As many as 1,700 policemen died while fighting terrorism in Punjab and scores of cases were registered for human rights violations against them. Twenty of them are still in jail for various offences. Among them are DSP Jaspal Singh and ASI Amarjit Singh, convicted for kidnapping and eliminating human rights activist, Jaswant Singh Khalra in 1995. Their conviction is a very sore point with the police because it is the same case in which SSP Ajit Pal Sandhu was an accused along with them. Their appeals against life imprisonment were finally dismissed by the Supreme Court in November last year.

Each new setback in the courts makes it harder for officers like Saini, who feel helpless to save their men from the wheels of the legal justice system. He himself faces two cases of kidnapping and abduction from those days.

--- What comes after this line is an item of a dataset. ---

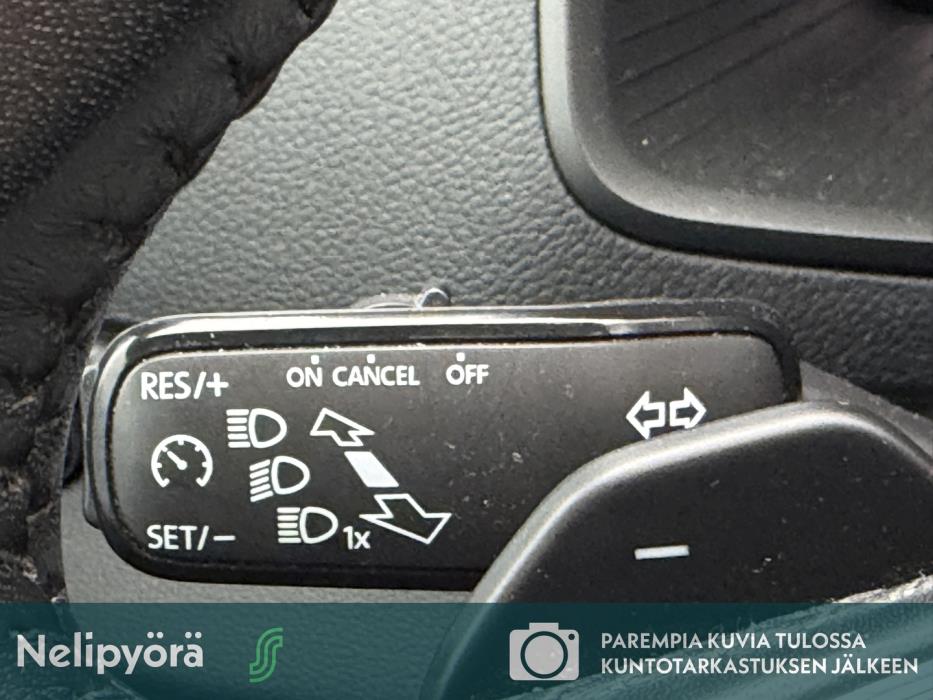 SKODA Karoq 2023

Rational opinion within the higher ranks of the Punjab police has always acknowledged that the force did indeed resort to undemocratic methods to save democracy in that tumultuous decade. When terrorism ebbed in Punjab, the police were accused of using the same unorthodox methods that they honed against terrorists to deal with ordinary criminals or to settle scores with civilians over petty rivalries. The current episode leading from the leak of Justice Thakur’s letter has brought upfront the same question once again. These are saner times but the finger pointing is just as vicious.